The Qatar Airways flight to Doha marked a breakthrough in the bumpy co-ordination between the US and Afghanistan’s new rulers. A days-long standoff over charter planes at another airport has left hundreds of mostly Afghan people stranded, waiting for Taliban permission to leave.
A senior US official, speaking on condition of anonymity because he wasn’t authorised to talk to the media, said the Taliban’s foreign minister and deputy prime minister helped facilitate the flight. Americans, US green card holders and other nationalities, including Germans, Hungarians and Canadians, were aboard, the official said.
Qatari envoy Mutlaq bin Majed alqahtani said another 200 passengers will leave Afghanistan today.
It was not immediately clear how many Americans were on board yesterday and how many were still in Afghanistan. The White House said before the flight that there were roughly 100 US citizens left in Afghanistan. But several veterans groups have said that that number is too low because many citizens never bothered to tell US officials they were in the country. And they said the figure overlooks green-card-carrying permanent US residents living in Afghanistan who want to leave.
Many thousands of Afghans remain desperate to get out, too, afraid of what Taliban rule might hold. The Taliban have repeatedly said foreigners and Afghans with proper travel documents could leave. But their assurances have been met with skepticism, and many Afghans have been unable to obtain certain paperwork.
US lawmakers, veterans groups and others are pressing the Biden administration to ensure that former Afghan military interpreters and others who could be in danger of Taliban reprisals for working with the Americans are allowed to leave.
In the US, National Security Council spokesperson Emily Horne said that Thursday’s flight was the result of “careful and hard diplomacy and engagement” and that the Taliban “have shown flexibility, and they have been businesslike and professional in our dealings with them in this effort.”

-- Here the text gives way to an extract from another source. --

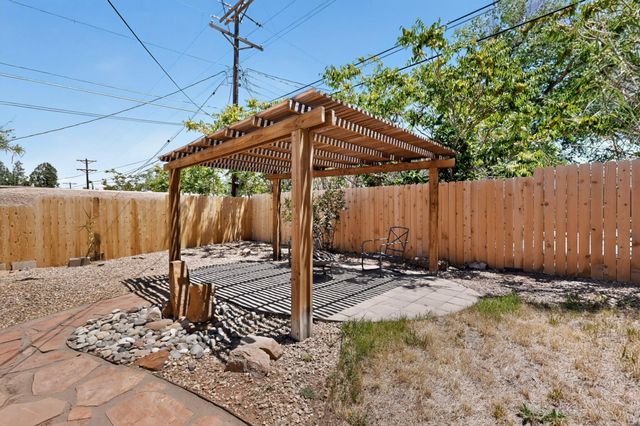 1010 Princeton Drive SE, Albuquerque, NM 87106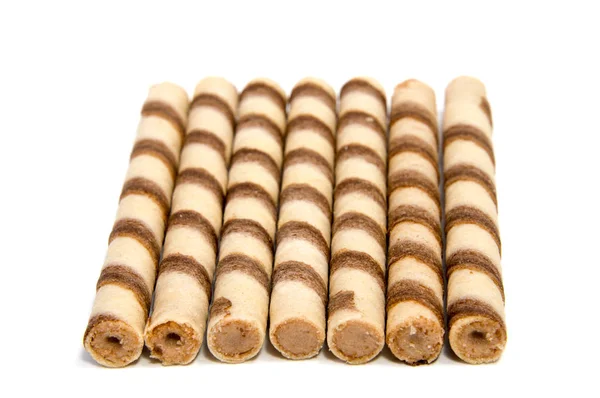 Rollos de oblea con chocolate aislado en blanco — Foto de Stock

“This is a positive first step,” she said, adding that the US will continue trying to extract Americans and
Afghan allies who want to leave.
The airport was extensively damaged in the frenzied final days of the US airlift that evacuated more than 100,000 people. But Qatari authorities announced that it had been repaired with the help of experts from Qatar and Turkey and was ready for the resumption of international airline flights.
“I can clearly say that this is a historic day in the history of Afghanistan as Kabul airport is now operational,” al-qahtani said. He added: “Hopefully, life is becoming normal in Afghanistan.”